Things that use batteries seem to be in need of fresh cells every time we turn around.
Simple solution, carry extra batteries in your pocket, or a specially designed carrier.
Unfortunately, there are problems with both of these methods.
If you carry batteries loose in your pocket, you run the risk of loose change or other pocket items accidentally discharging them, some times violently.
Both Surefire and Batuca make fantastic spare battery carriers. Both of them are great and perfect for carrying in or on your pack (see County Comm, T.A.D. Gear, or Maxpedition for outstanding belt mounted/PALS mounted pouches for the Batuca cases.) However, these carriers are a bit to bulky for every day pocket carry.
What follows is a solution I developed after being inspired by Tommi Potx and his instructable Several of 1000 Uses for Old Bicycle Tubes. Much thanks to him.
Because of the low cost and short assembly time, these are meant to be disposable.
Cost: <$5 (excluding batteries)
Assembly time: <5 minutes.
Step 1: Stuff Needed
Here is what you'll need.
For this instructable we'll be using 2 Surefire lithium SF123A 3 volt cells. It is also easy to do this with 1 AA, 2 AA, 4 AA, 2 AAA, 4 AAA, or any other combination of cells.
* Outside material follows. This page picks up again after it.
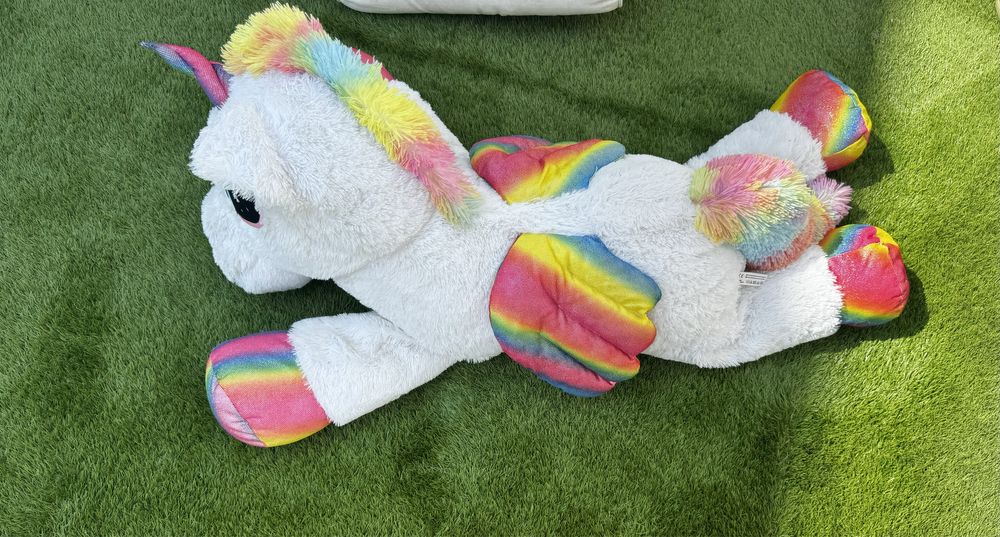 Peluche unicornio gigante super saldos  apenas 50€ foi 200€ como novo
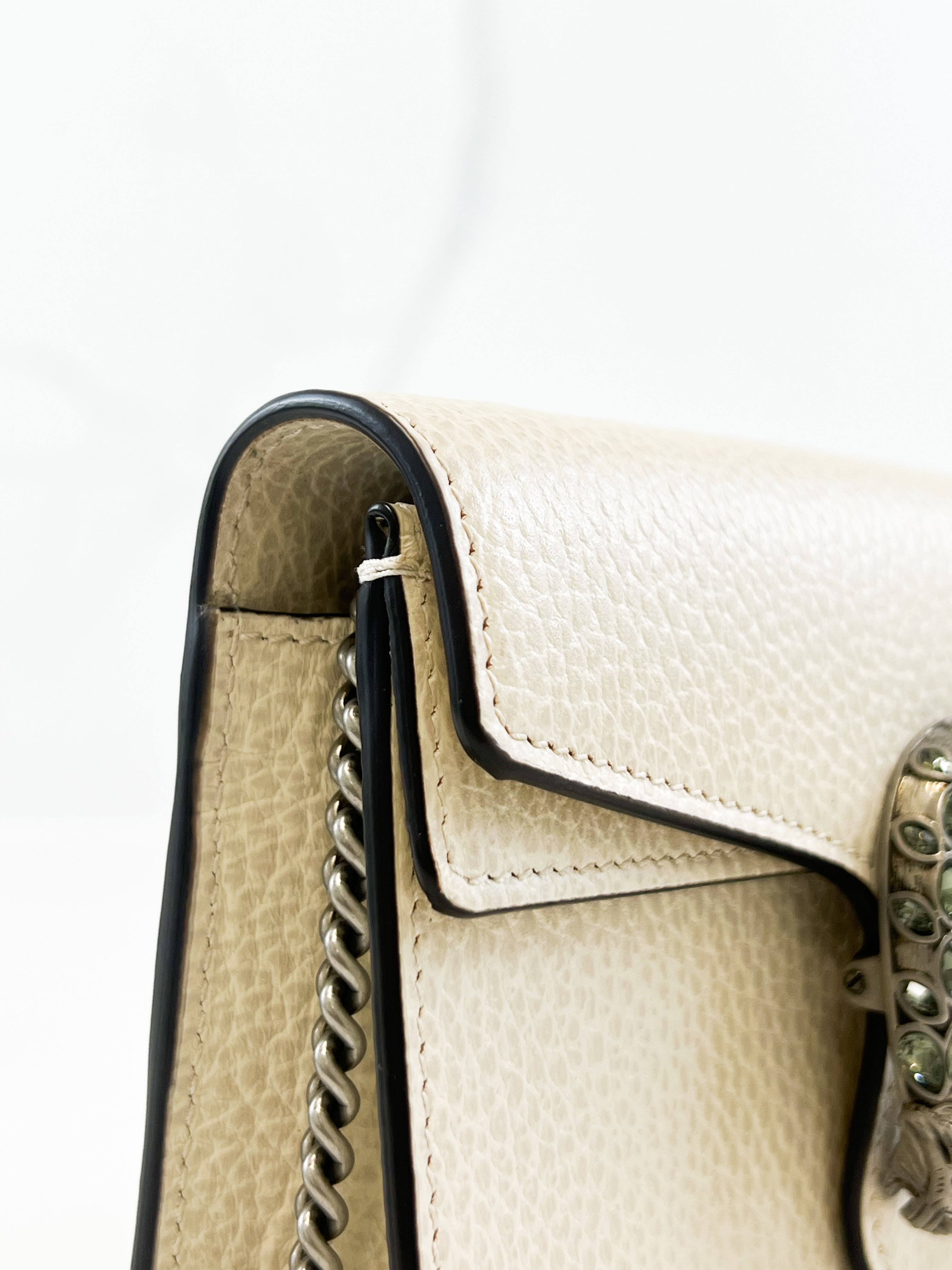 Gucci Dionysus White Super Mini Bag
Only use the same type of cells, don't mix AA's and 123's) Also, don't mix old and new cells.
2. A length of bicycle inner tube.
The length, diameter, and type of type of tube used is dependent on the size and number of batteries being enclosed. For the SF123A's well be using 4" (10cm) of road tube. If you're packing the cells end to end you want the tube to be long enough to cover the cells with about 3/4" (2cm) of tube stick off on either end (see picture 2). AA, and 123A's can be packed end-to-end comfortably in road tubing. AAA fit into road tubing side-by-side quite nicely. You can also fit 4 AA side-by-side in mountain tubes (see picture 3)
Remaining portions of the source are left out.